According to the Revised Code of Washington driving laws, when two cars approach or enter an intersection at approximately the same time, the vehicle on the left must yield to the vehicle on the right, a law that 89 percent of Washington drivers correctly identified in the poll.
The survey noted there is little confusion among drivers of all ages about who has the legal right-of-way at intersections. However, results indicated that drivers 55 and older are more familiar with the law than their younger counterparts — 96 percent of older drivers correctly identified the vehicle on the right as having the right-of-way, while 84 percent of those younger than 35 offered the correct response.
Additional poll results show that drivers are savvy to other common intersection foibles, but are less sure when it comes to the laws that govern these situations. Specifically, about two-thirds (65 percent) of drivers of all ages understand that it’s legal to turn right if the car directly across from you is passing straight through the intersection.
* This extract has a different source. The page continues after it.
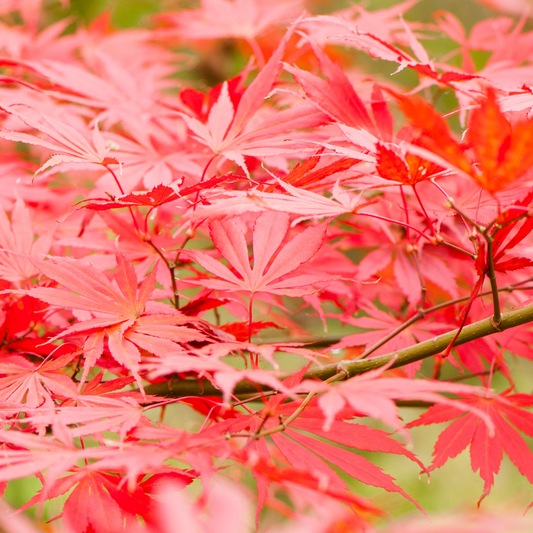 Acer Sumi Nagashi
About three out of four people (76 percent) know that when drivers approach a roundabout intersection, they must travel all the way around the circle if they’re making a left turn, the poll revealed.
Pemco Insurance commissioned the independent survey that asked drivers in Washington state several questions about driving habits and attitudes toward current Northwest issues. The sample size, 602 respondents, yielded an accuracy of +/- 4 percent at the 95 percent confidence level.